Palu Menks Lächeln schnitt sich durch die Männer hindurch, welche die Regentin umgaben und traf sie mit Wucht. Ein Lächeln, welches nur ihr galt. Sie erwiderte es.
„Das war nicht die Antwort auf meine Frage", erwiderte Tai Fisi leicht spöttelnd.
„Ich habe Euch auch nicht geantwortet, hochverehrter Tai"
Palu Menk schritt, zwischen den Offizieren hindurch, direkt auf seine Regentin zu und deutete eine Verbeugung an: „Ich freue mich Euch hier zu sehen. Es war eine kurze Schlacht, die einige Heldentode gefordert hat, aber unsere Truppen haben Mezerte in Eurem Namen eingenommen. Ich habe mit vielen von ihnen bereits gesprochen. Sie sind allesamt stolz auf das, was hier erreicht wurde."
Die ihn umgebenen Offiziere nickten zustimmend.
Menks Augen suchten nun direkt die der Regentin, weshalb ein Kribbeln ihren Hals ergriff.
"Möchtet Ihr Euch vielleicht selbst ein Bild machen? Ich wäre hocherfreut, Euch Eure Errungenschaft zu zeigen, Euch durch die Straßen Mezertes zu führen."
„Verzeiht, aber das ist unverantwortlich", fuhr Kal Zigel dazwischen. Er klang mehr erschrocken, denn empört, über die Worte Menks.

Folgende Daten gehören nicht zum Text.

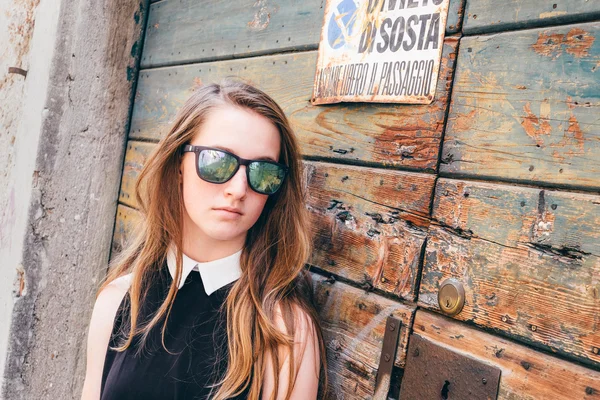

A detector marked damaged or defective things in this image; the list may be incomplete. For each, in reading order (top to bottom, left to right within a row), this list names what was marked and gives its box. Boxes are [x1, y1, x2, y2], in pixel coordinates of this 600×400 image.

rusty metal sign [312, 0, 448, 104]
rust stain [528, 27, 596, 59]
rust stain [520, 103, 548, 147]
rusty hinge [372, 318, 400, 398]
rusty metal sign [372, 318, 400, 398]
rusty metal sign [398, 334, 502, 400]
rusty hinge [398, 334, 502, 400]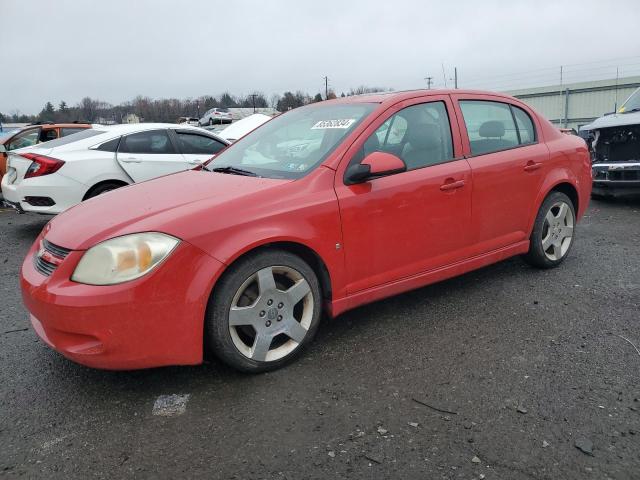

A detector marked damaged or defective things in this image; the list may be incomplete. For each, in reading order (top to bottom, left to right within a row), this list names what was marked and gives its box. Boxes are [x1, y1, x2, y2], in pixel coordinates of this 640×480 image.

damaged car [584, 86, 640, 197]
cracked asphalt [0, 197, 636, 478]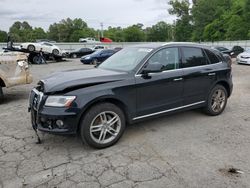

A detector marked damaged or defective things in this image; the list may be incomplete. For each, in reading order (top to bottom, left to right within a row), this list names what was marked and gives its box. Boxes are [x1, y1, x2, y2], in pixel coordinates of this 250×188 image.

crumpled hood [41, 68, 128, 93]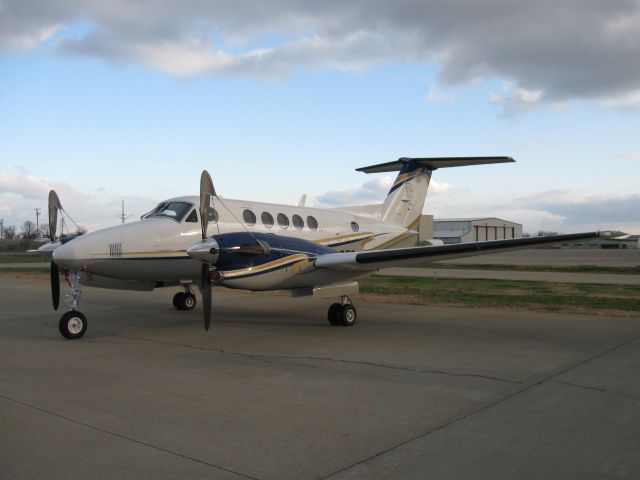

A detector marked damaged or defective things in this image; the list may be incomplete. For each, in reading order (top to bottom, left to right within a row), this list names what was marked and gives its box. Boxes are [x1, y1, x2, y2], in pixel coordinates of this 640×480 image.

crack in concrete [0, 394, 260, 480]
crack in concrete [106, 332, 520, 384]
crack in concrete [322, 334, 640, 480]
crack in concrete [560, 378, 640, 402]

„Ihr braucht nur einen bewaffneten Hund übersehen zu haben. Möglicherweise warten die Feuerreiter nur darauf, dass unsere Regentin in ihre Mitte tritt. Eine wohlvorbereitete Falle dieser Schlächter."

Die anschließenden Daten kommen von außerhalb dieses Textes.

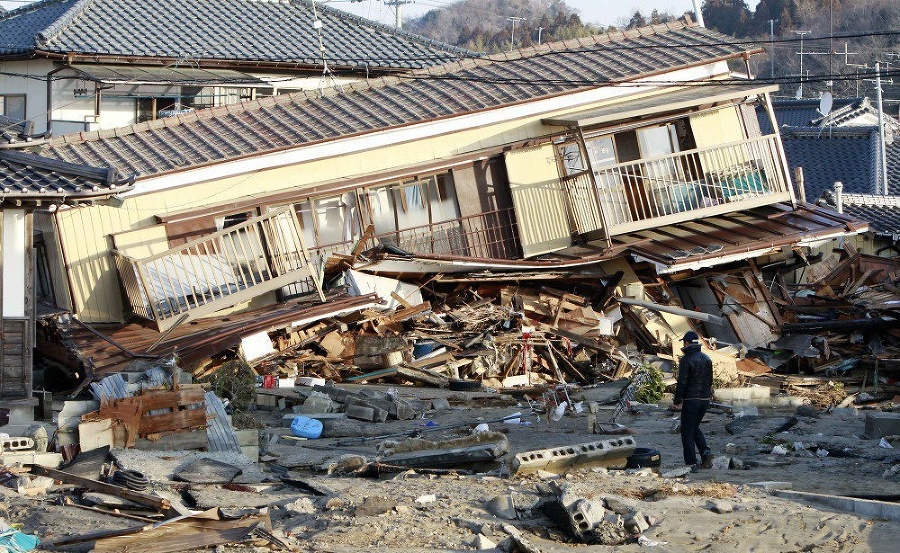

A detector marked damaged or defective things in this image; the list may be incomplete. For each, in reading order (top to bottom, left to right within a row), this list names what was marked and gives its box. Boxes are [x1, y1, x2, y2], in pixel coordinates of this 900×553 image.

broken wooden plank [28, 464, 170, 512]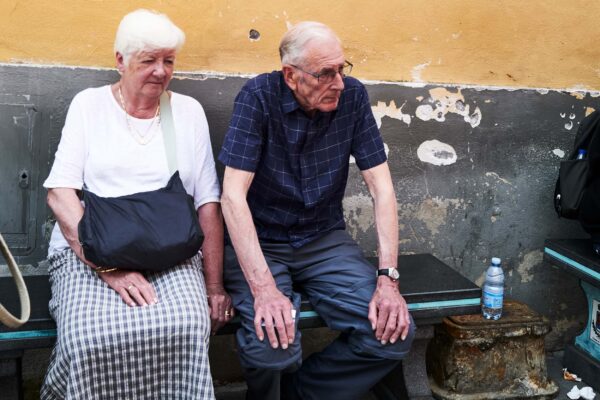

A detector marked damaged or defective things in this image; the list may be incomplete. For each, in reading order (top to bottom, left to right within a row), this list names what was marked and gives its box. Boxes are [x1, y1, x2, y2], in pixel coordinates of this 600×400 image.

peeling paint on wall [370, 99, 412, 127]
peeling paint on wall [414, 88, 480, 127]
peeling paint on wall [418, 141, 460, 166]
peeling paint on wall [512, 250, 540, 284]
rusty metal stool [426, 302, 556, 398]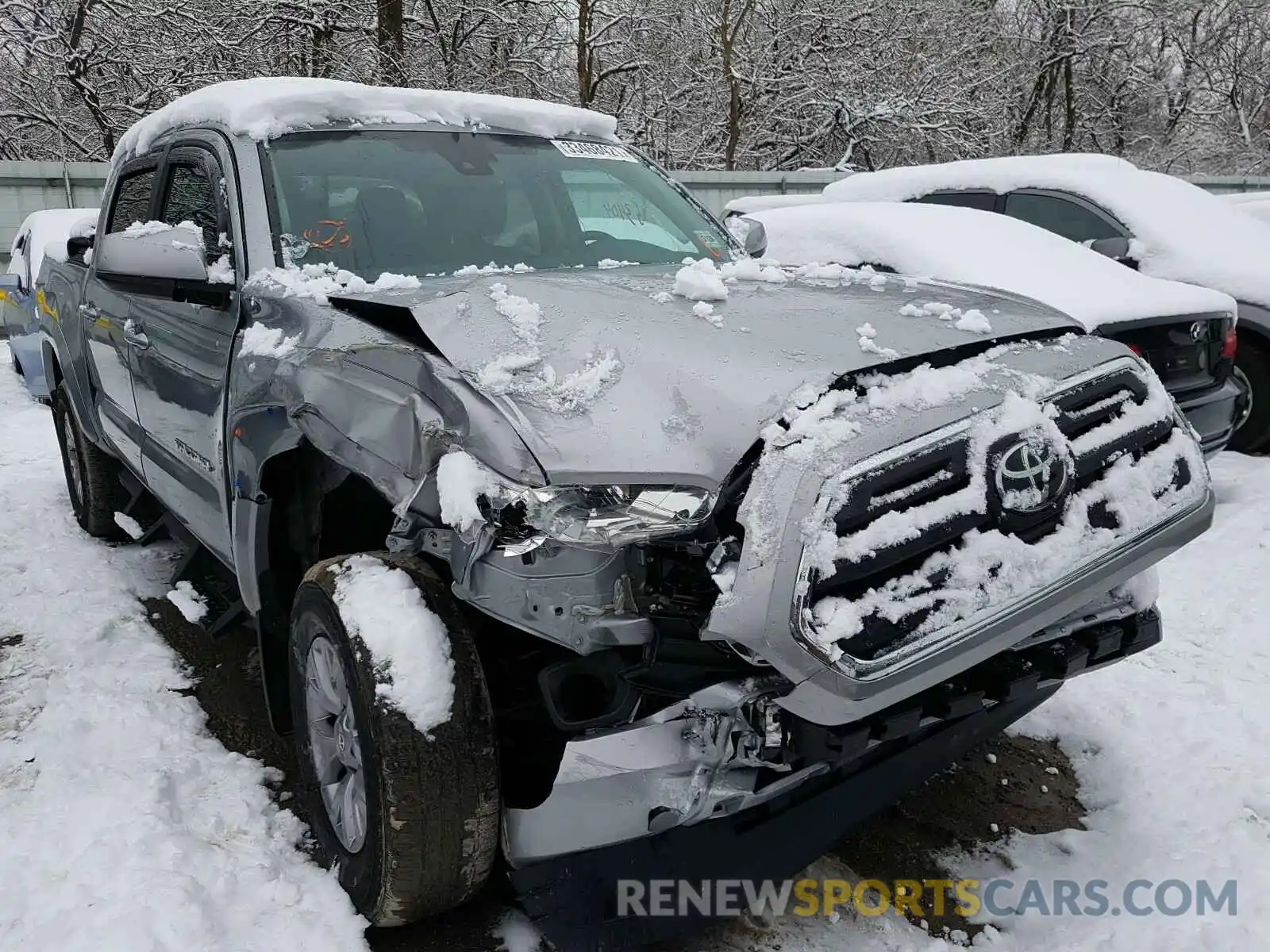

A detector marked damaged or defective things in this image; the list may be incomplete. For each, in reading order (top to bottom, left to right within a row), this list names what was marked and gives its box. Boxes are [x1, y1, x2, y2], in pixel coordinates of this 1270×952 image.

broken headlight assembly [492, 485, 721, 551]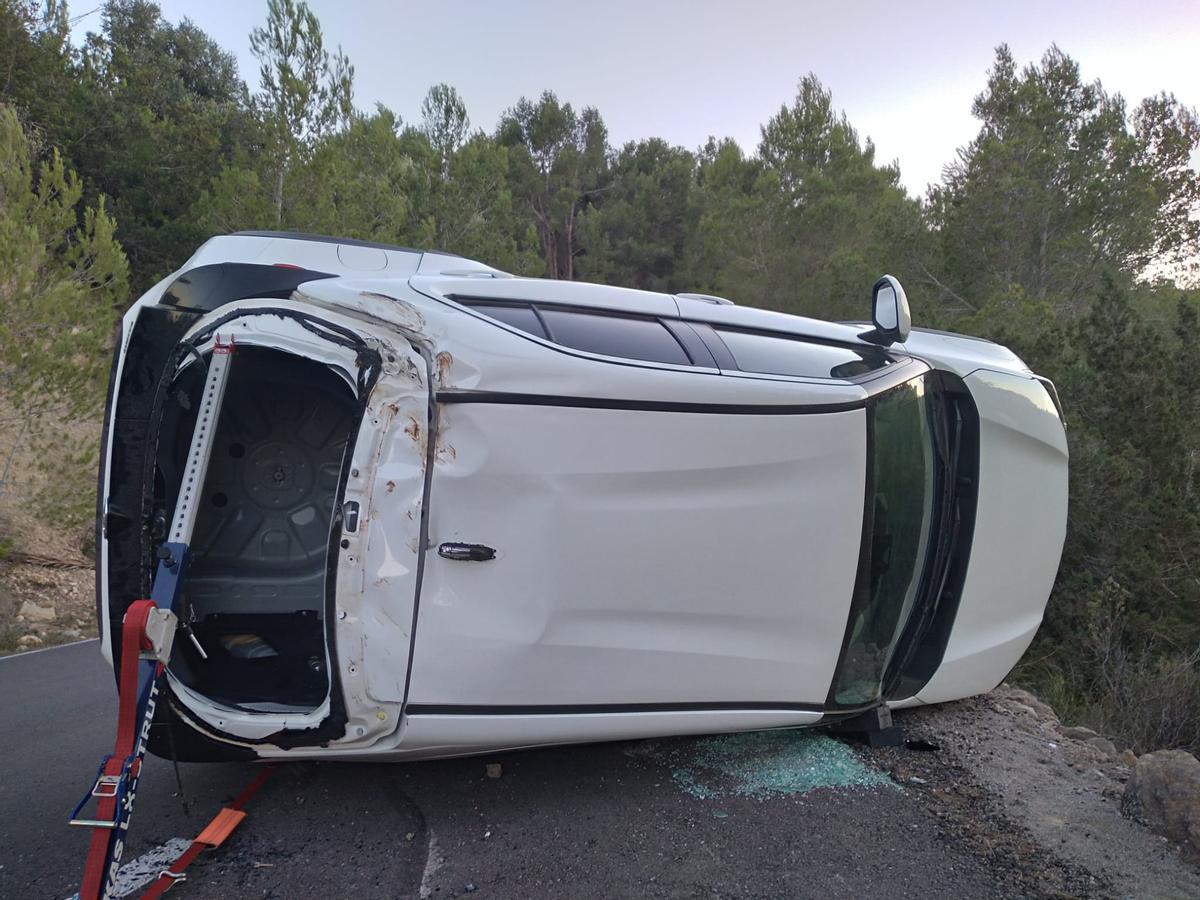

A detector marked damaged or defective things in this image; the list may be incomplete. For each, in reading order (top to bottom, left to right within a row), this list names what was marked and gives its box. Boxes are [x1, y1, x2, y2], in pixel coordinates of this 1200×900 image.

rust scrape on metal [360, 290, 427, 333]
rust scrape on metal [436, 350, 453, 386]
overturned car [96, 232, 1070, 763]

Fisi war ebenfalls das Lächeln aus dem Gesicht gefallen: „Eure jugendliche Unerschrockenheit in allen Ehren, doch wir sollten die Stadt leerplündern und anschließend dem Feuer übergeben. Keine Sentimentalitäten an diesen Haufen Steine verschwenden."
Menk beachtete den Tai nicht. Seine meerblauen Augen leuchteten nur für sie.

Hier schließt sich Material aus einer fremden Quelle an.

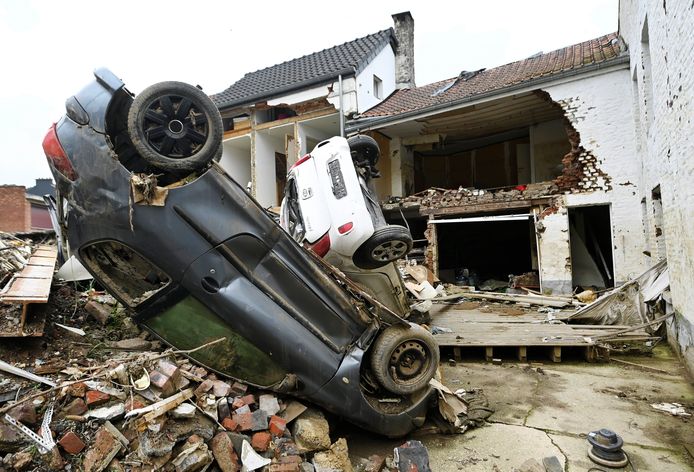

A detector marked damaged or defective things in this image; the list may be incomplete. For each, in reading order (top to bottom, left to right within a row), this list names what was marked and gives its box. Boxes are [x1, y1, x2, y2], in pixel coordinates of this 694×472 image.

overturned gray car [40, 68, 438, 436]
damaged house [212, 12, 416, 208]
damaged house [348, 31, 648, 296]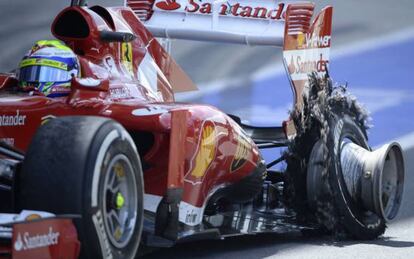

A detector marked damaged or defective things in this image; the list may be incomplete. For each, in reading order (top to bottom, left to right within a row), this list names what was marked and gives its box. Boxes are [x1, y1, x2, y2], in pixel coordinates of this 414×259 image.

destroyed tire [16, 117, 144, 258]
exposed wheel rim [102, 154, 137, 250]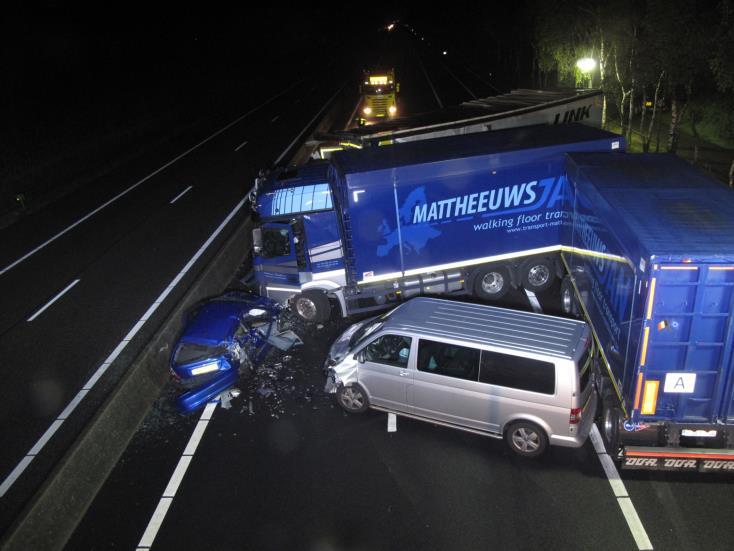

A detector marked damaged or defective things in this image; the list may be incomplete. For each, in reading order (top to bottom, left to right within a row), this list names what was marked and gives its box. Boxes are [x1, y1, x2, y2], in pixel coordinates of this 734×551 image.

crushed blue car [170, 292, 302, 412]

Liebend gerne hätte sie Palu Menks Angebot angenommen. Noch viel lieber hätte sie sich ihm jedoch an den Hals geworfen, ihm mit den Fingern durch die goldenen Locken gestrichen, süße Küsse seinen vollen Lippen entlockt. Und mehr, oh, noch so viel mehr. Doch nein. Das grenzte an Wahnsinn. Zumindest hier, zumindest jetzt. Ihre Vernunft musste und würde siegen.
"Liebend gerne würde ich Euch in die Stadt begleiten, liebster Menk", antwortete sie ihm und konnte dabei genau beobachten, wie das Funkeln in seinen Augen verblasste, "jedoch bin ich an Land gekommen, um unser weiteres Vorgehen zu planen. Wenn die Feuerreiter ins Landesinnere geflohen sind, wird sich die Nachricht von unserem Angriff noch schneller verbreiten, als wir geplant hatten. Wir können uns daher nicht erlauben, länger als nötig zu verweilen."
Menk nickte verständnisvoll, doch spiegelte sich sichtbare Enttäuschung in seinen Augen.
"Es tut mir so leid", dachte sie sich, aber sie würde kommen. Ihre Zeit der Zweisamkeit würde kommen, das schwor sie sich ganz fest. Sie hatte bereits davon geträumt. Von einem gemeinsamen Kind, einem goldenen Kind. Im echten Leben würde sie dieses jedoch nicht mehr loslassen, wie in ihrem dummen Traum geschehen.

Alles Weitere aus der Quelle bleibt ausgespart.